Some argue that this is clear evidence that the ‘Mediterranean states’ must leave the Eurozone. Such a policy would decimate the affected member states GDP in the immediate term, though proponents argue, would also argue that it would enable otherwise uncompetitive countries to devalue their exports into the market. Whilst this may ultimately be necessary, like austerity, this would in effect be hiding the symptoms of the crisis rather than curing it.

Uncompetitive countries debasing their currencies may temporarily enable a boost to exports (not that there is any clear evidence that it has worked here in the UK), though they would have to endure similar persistent devaluations in the future. The only long term solution to solving the economic weakness of the PIGS is to improve competitiveness.

Kevin Featherstone criticised successive Greek governments for opaque government statistics, woeful tax and regulation enforcement and cronyism. Greece’s truck regulator did not issue a single license between 1970 and 2010, creating a black market in trucking licenses and some of the most expensive transport costs in Europe. One does not have to be a cynic to suspect that this excessive enforcement is for the benefit of the average Greek truck driver, rather than the average Greek. Liberalising 70 such ‘closed shop’ professions was one of the conditions to Greece’s bailout (as if the predicted 17% boost to GDP was not reason enough).

Whereas there is evidence that the PIGS have regained competitiveness since 2008, Gavyn Davies pointed out that this has been due to lower imports (as a result of austerity) rather than higher exports. The policy recommendations for the Eurozone crisis therefore seem clear. Whereas austerity is inevitable, abolishing state sanctioned monopolies (through privatisation and liberalisation), raising the retirement age and cutting or abolishing employment rights and union privileges ought to be a modest start to the broader goals of modernising Europe’s most bloated and flabby welfare states. Tax reform that emphasises fewer breaks and lower rates could hardly hurt growth and competitiveness as well.

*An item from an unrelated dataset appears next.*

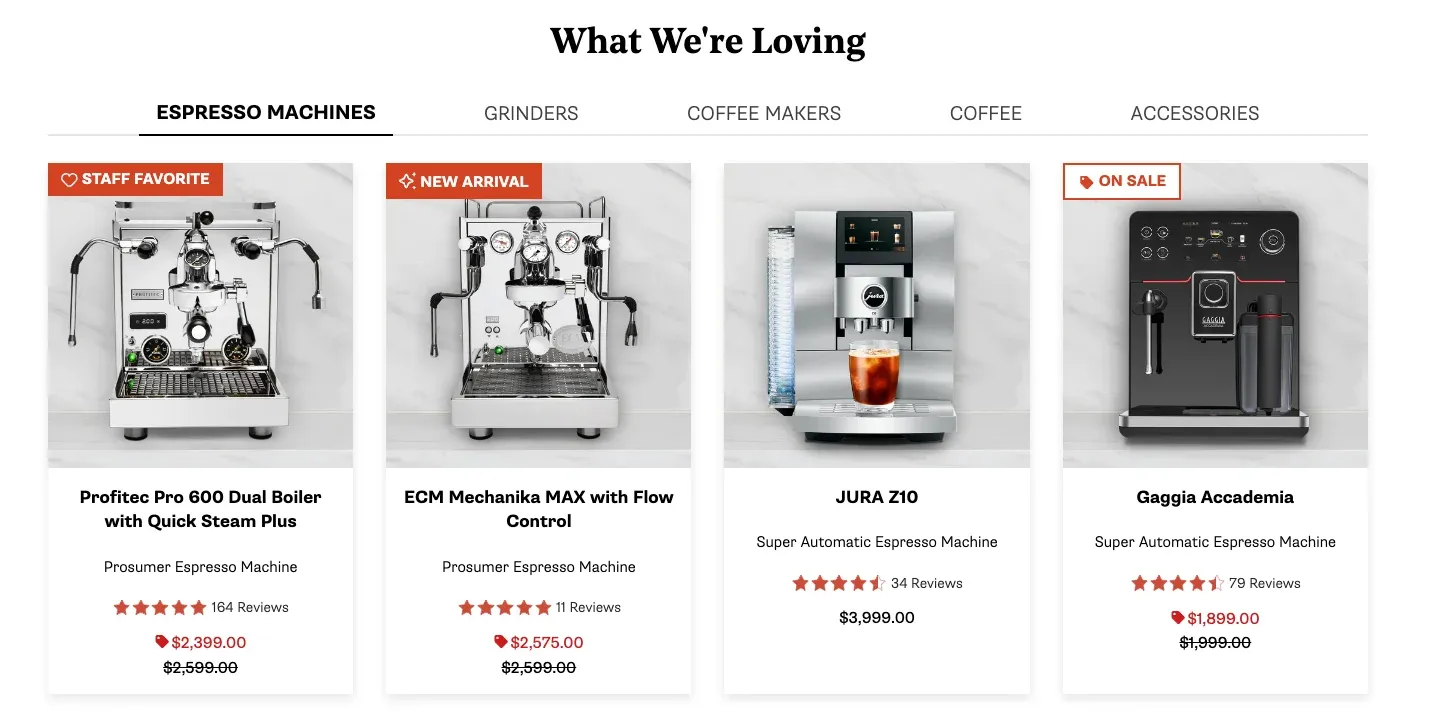 product recommendations from each category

History may look upon the Eurozone crisis as a historical crisis that came to symbolise the West’s broader decline as the economic centre of gravity shifts to the East. Nevertheless, this is not inevitable. The European Commission recently announced that austerity may be eased in exchange for greater structural reforms to labour markets. Whilst higher spending will not be welcome, as fiscal rectitude remains a prerequisite, greater focus on solving the dire competitiveness issues in the periphery economies may be a sign that politicians have finally identified the correct problems. Whether this is translated into legislation depends on the political courage of Europe’s leaders to stand up to vested interests.